__Exercise instructions__: In the records below, tally each line that contains the word "with" and give the total only.
──────── Provided entries
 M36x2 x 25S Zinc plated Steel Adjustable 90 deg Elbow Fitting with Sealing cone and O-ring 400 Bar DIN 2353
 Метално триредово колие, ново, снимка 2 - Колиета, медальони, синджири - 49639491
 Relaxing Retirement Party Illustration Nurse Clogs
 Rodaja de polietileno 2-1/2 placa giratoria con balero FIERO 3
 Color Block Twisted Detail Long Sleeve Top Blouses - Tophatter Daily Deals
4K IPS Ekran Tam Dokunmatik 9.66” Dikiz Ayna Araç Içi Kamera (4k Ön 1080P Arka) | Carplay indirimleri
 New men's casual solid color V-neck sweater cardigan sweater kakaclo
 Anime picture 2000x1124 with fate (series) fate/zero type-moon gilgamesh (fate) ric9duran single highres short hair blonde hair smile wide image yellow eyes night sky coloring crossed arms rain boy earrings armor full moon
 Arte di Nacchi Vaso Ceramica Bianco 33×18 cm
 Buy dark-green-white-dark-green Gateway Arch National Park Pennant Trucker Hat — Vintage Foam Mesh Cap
────────────────
──────── Provided entries
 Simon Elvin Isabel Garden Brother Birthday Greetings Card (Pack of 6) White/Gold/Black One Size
────────────────
──────── Provided entries
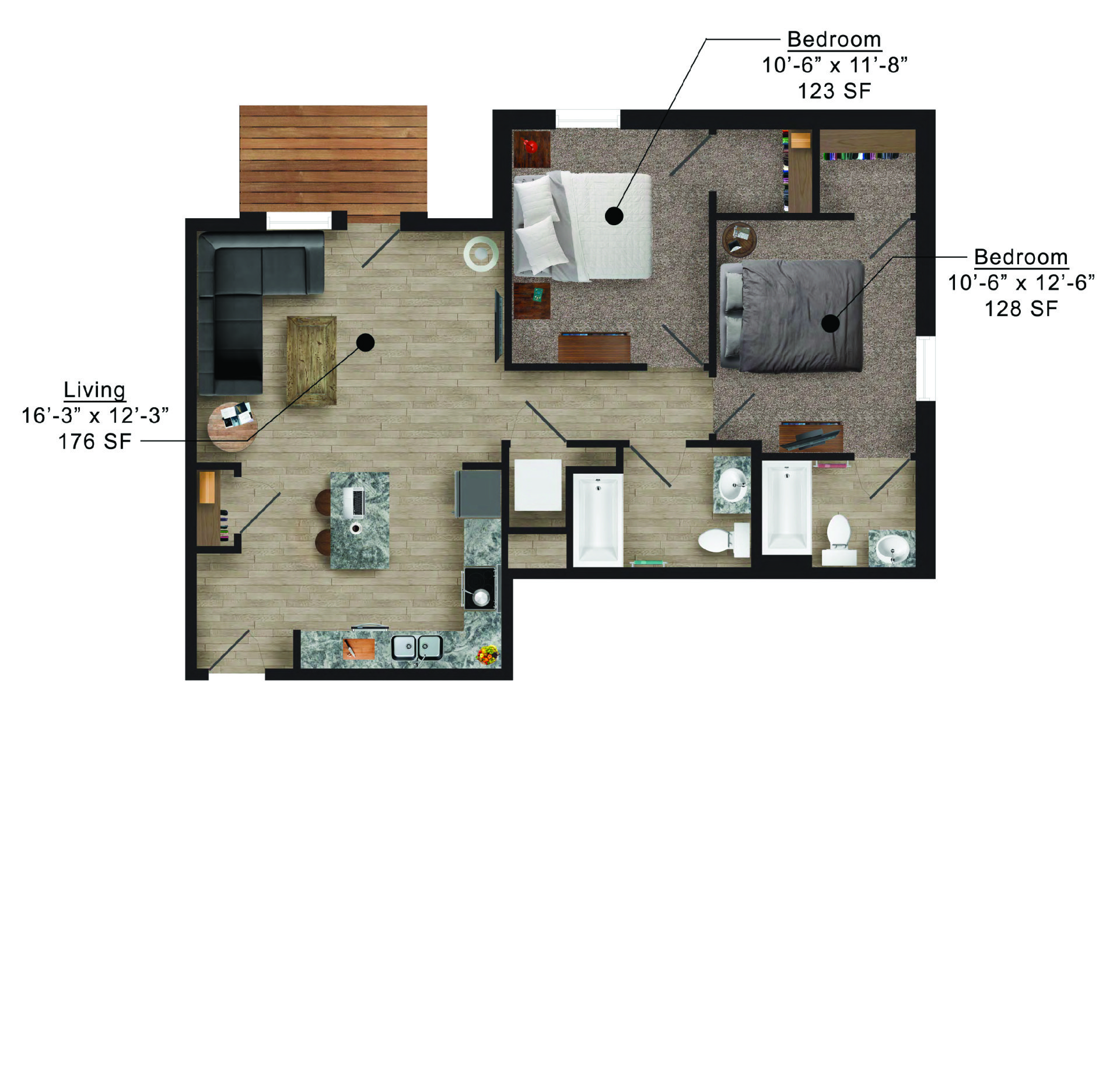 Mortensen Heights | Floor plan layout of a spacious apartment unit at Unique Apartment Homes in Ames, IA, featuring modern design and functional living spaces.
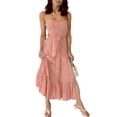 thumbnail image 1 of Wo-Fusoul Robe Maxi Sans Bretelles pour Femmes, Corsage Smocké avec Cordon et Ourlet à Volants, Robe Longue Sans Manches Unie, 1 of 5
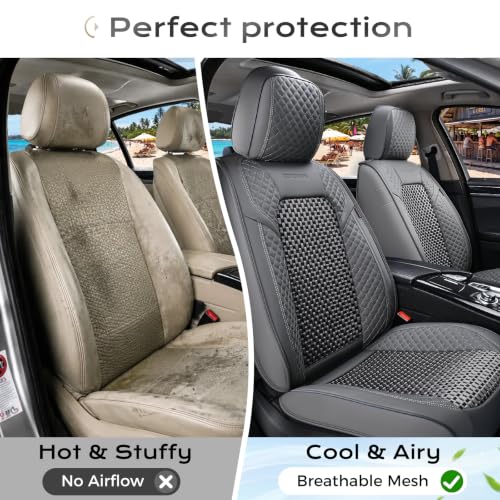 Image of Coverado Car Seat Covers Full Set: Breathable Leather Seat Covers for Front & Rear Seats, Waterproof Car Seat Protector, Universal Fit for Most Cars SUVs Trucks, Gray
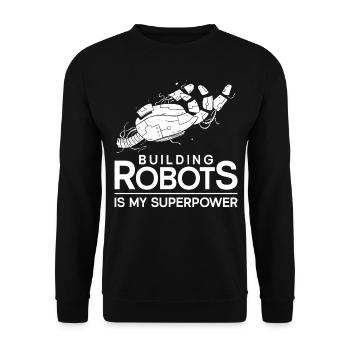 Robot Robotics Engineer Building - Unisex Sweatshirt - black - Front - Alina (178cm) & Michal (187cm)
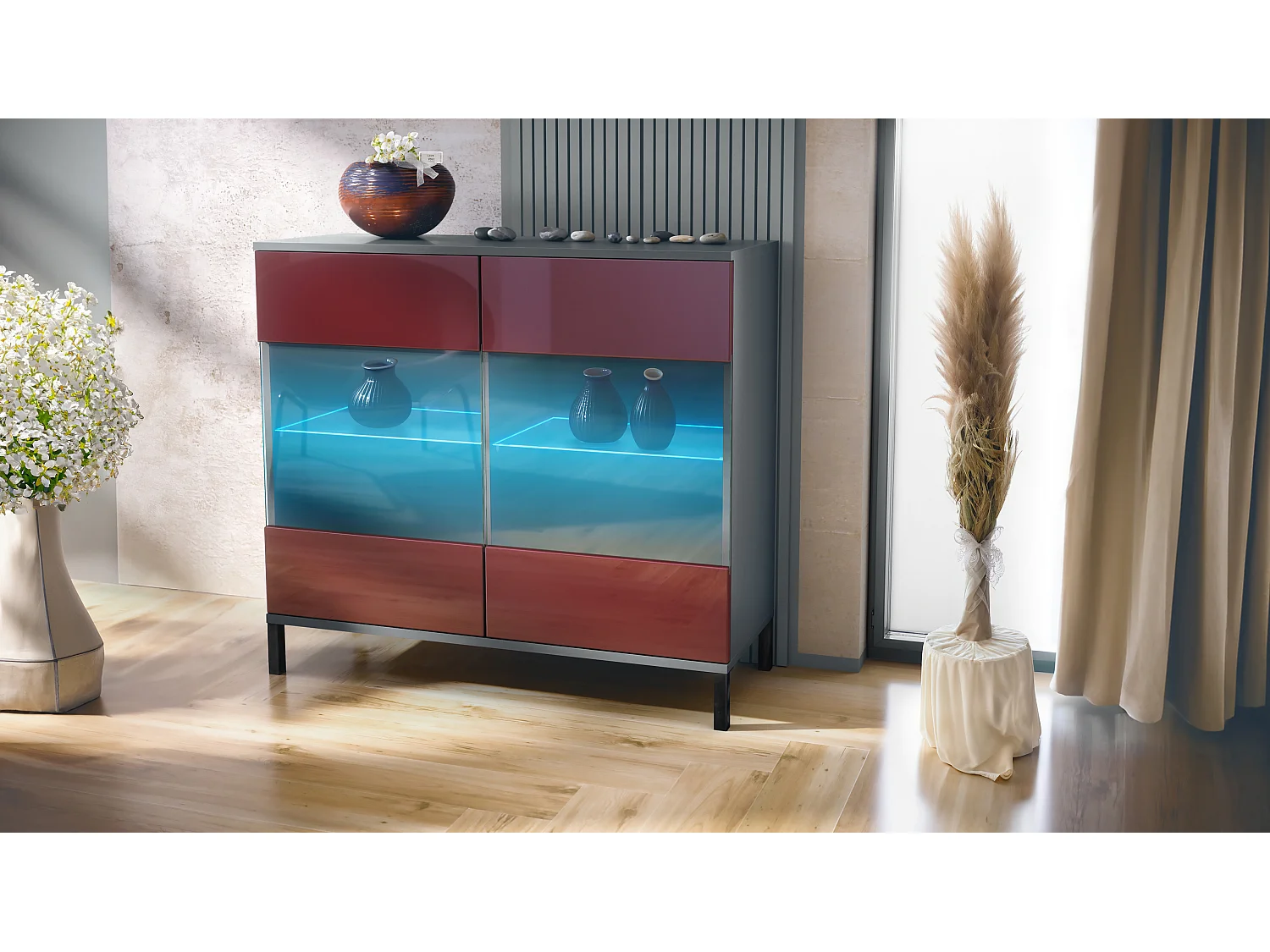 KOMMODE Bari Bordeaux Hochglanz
────────────────
__Your solution__: 2